Pessoas que mantêm animais silvestres em casa podem ser nomeadas guardiões da fauna, segundo proposta do Ibama ao Conama. Ambientalistas contestam a medida.

Aline Ribeiro ·
4 de maio de 2006 · 18 anos atrás

Uma proposta do Ibama ao Conselho Nacional do Meio Ambiente (Conama) pode nomear como “guardião” uma pessoa que mantêm animais silvestres em casa adquiridos de forma ilegal. Trocando em miúdos, um bicho flagrado sem licença do instituto terá chances de continuar com o dono em vez de ser apreendido. A medida despertou revolta em ongs e ambientalistas. Eles acreditam que a iniciativa é uma forma de o Ibama se isentar do dever de conseguir um destino apropriado aos animais em situação irregular. A Renctas, uma das mais importantes redes de combate ao tráfico de animais silvestres do país, está à frente da discussão e considera a proposta “o maior atentado já realizado contra a biodiversidade brasileira”.
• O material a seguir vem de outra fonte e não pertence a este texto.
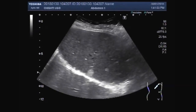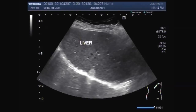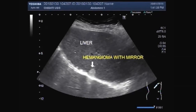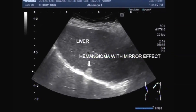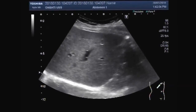The mirror effect is also visible. This is liver and this one is hemangioma. Hemangioma with mirror effect. You can clearly differentiate between the hepatic mass and hemangioma.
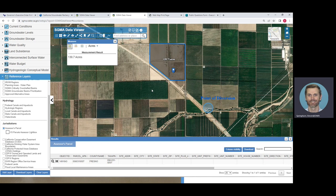That concludes the tutorial on how to use the DWR SGMA Data Viewer for flood diversion reporting components. Thank you.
Segundo o diretor de Fauna e Recursos Pesqueiros do Ibama, Rômulo Mello, o benefício só seria concedido em última instância, depois de rigorosa análise técnica do caso. “Se o animal não tiver condições de ser re-introduzido na natureza ou não encontrarmos um local apropriado para destiná-lo, aí sim permanece na casa em que foi achado. Desde que seja avaliado que está recebendo os cuidados necessários”, afirma. Outro fator que contribuiria para a decisão é a ligação emocional que o animal tem com seu dono. “Em muitos casos, a separação é ruim tanto para o animal quanto para a pessoa. O hábito de criar bichos silvestres em casa é ancestral, foi herdado dos índios. Não podemos continuar confundindo gente idônea com traficante.”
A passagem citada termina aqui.